▶ _SUPPLIED INFORMATION_

<<<<

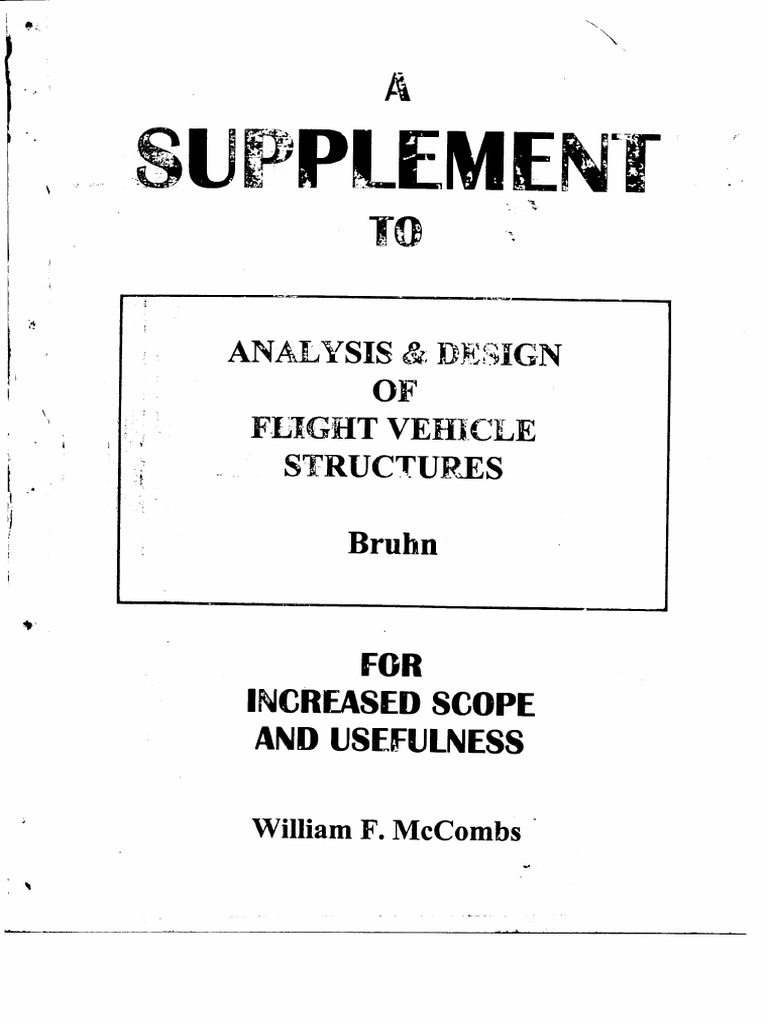 18 New Analysis and design of flight vehicle structures bruhn pdf for New Ideas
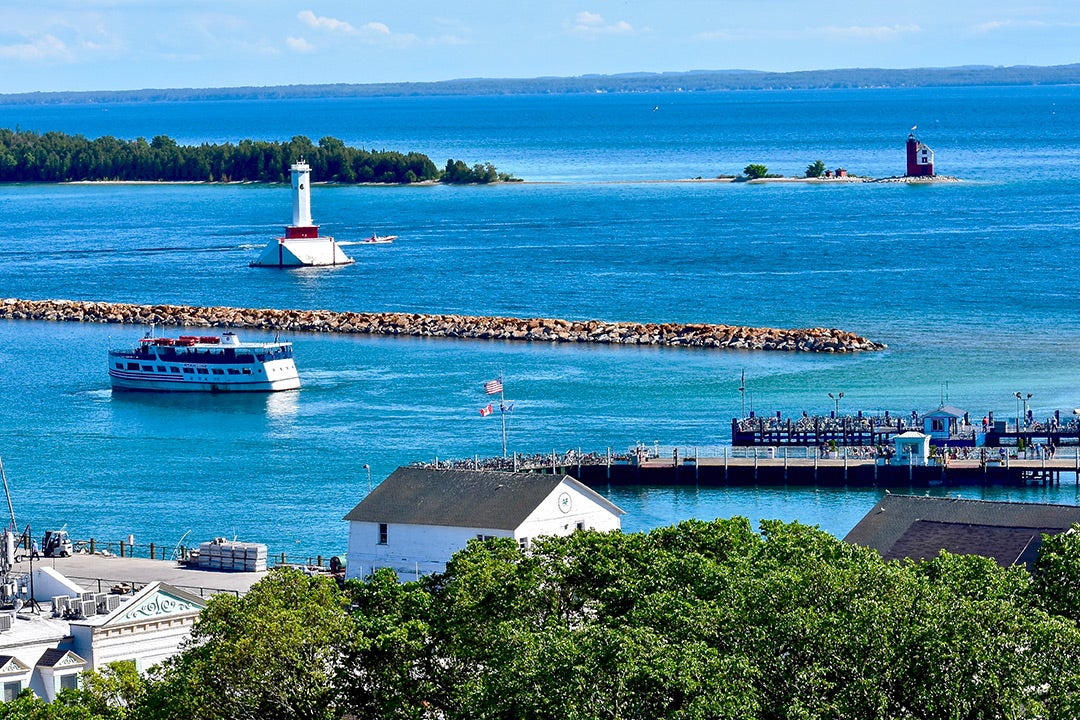 Scenic Lake Michigan Shoreline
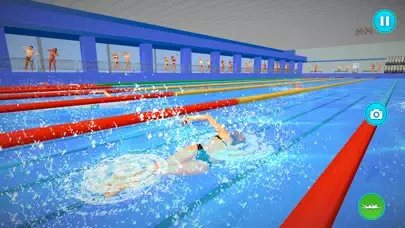 تصاویر Swimming Pool Water Flip Race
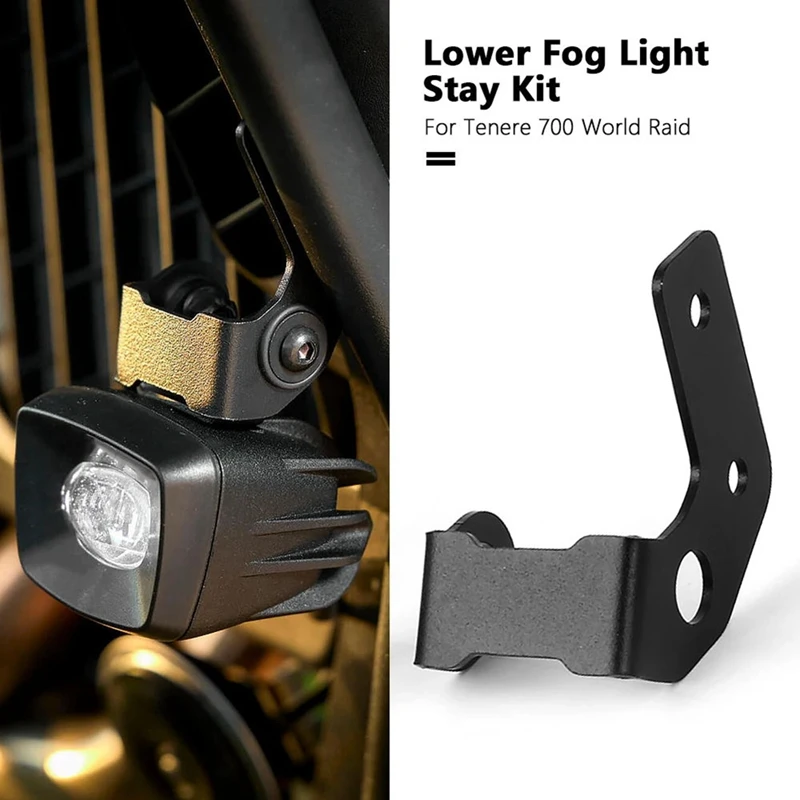 Motorcycle Lower Fog Lamp Spotlight Bracket Auxiliary Light Bar For Yamaha TENERE 700 World Raid Tenere700 WORLD RAID Parts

>>>>

Print the listing exactly. No pictures belong in the copy.

▶ _SOLUTION TO THE PROBLEM_
 18 New Analysis and design of flight vehicle structures bruhn pdf for New Ideas
 Scenic Lake Michigan Shoreline
 تصاویر Swimming Pool Water Flip Race
 Motorcycle Lower Fog Lamp Spotlight Bracket Auxiliary Light Bar For Yamaha TENERE 700 World Raid Tenere700 WORLD RAID Parts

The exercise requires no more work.